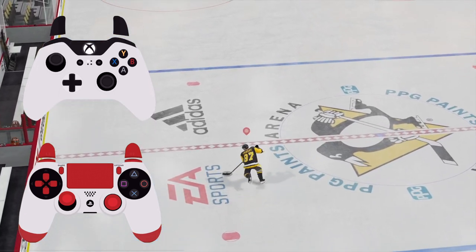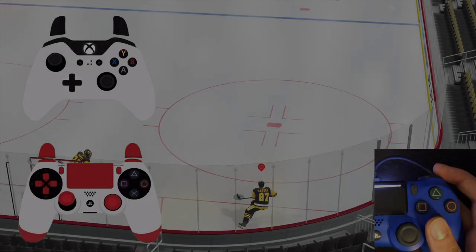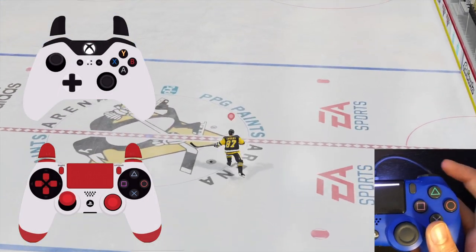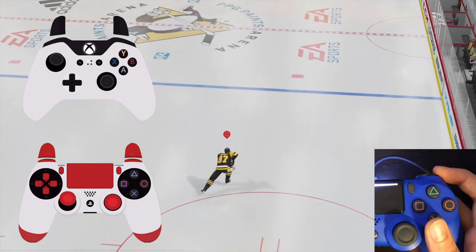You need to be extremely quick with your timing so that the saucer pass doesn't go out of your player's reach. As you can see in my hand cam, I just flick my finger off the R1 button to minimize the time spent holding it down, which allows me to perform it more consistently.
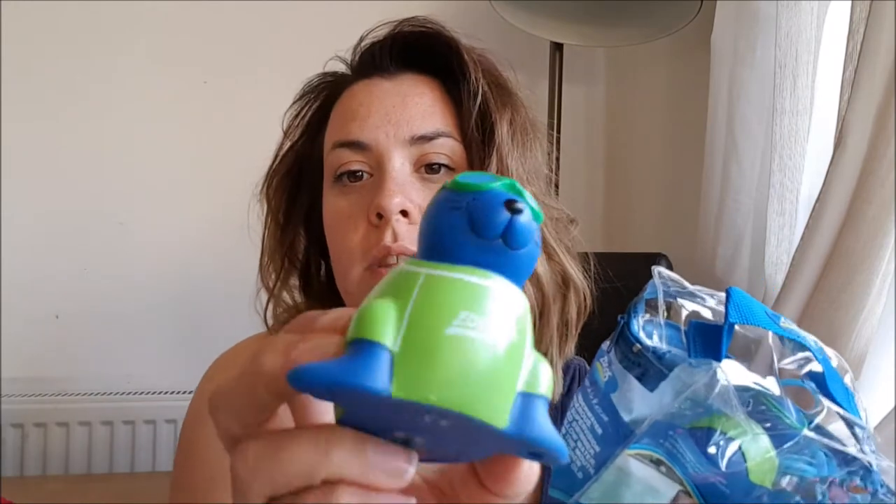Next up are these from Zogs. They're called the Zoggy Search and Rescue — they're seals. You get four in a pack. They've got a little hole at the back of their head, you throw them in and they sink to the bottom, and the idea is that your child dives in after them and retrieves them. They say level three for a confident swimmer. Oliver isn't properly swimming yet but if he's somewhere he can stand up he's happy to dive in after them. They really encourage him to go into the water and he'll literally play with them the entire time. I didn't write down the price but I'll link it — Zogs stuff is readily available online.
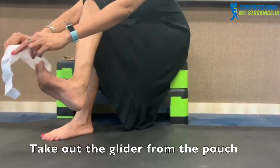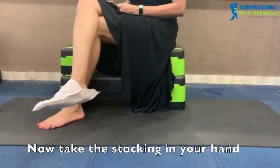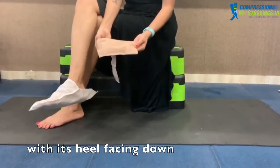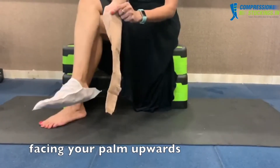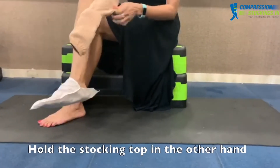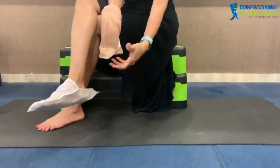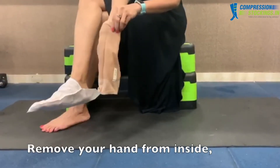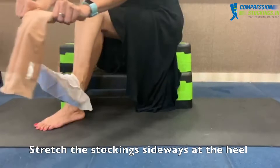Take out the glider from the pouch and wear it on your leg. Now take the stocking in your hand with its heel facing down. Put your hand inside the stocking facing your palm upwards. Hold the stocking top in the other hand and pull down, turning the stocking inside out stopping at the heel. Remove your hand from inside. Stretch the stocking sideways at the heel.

+++++

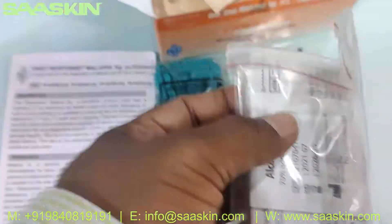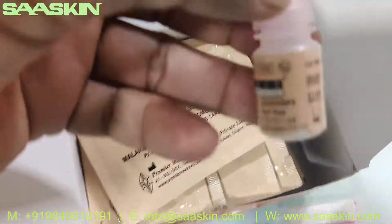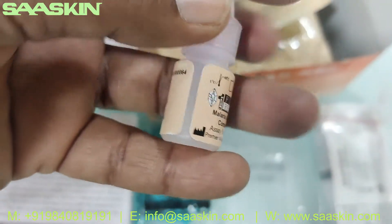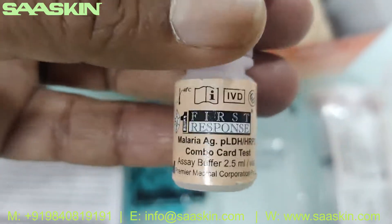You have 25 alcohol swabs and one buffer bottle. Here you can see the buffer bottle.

+++++

Description of the task >>
No picture is to be printed. Output exactly the lines above from the line containing "You need to" through the line containing "Next up are".

Answer to this exercise >>
You need to be extremely quick with your timing so that the saucer pass doesn't go out of your player's reach. As you can see in my hand cam, I just flick my finger off the R1 button to minimize the time spent holding it down, which allows me to perform it more consistently.
Next up are these from Zogs. They're called the Zoggy Search and Rescue — they're seals. You get four in a pack. They've got a little hole at the back of their head, you throw them in and they sink to the bottom, and the idea is that your child dives in after them and retrieves them. They say level three for a confident swimmer. Oliver isn't properly swimming yet but if he's somewhere he can stand up he's happy to dive in after them. They really encourage him to go into the water and he'll literally play with them the entire time. I didn't write down the price but I'll link it — Zogs stuff is readily available online.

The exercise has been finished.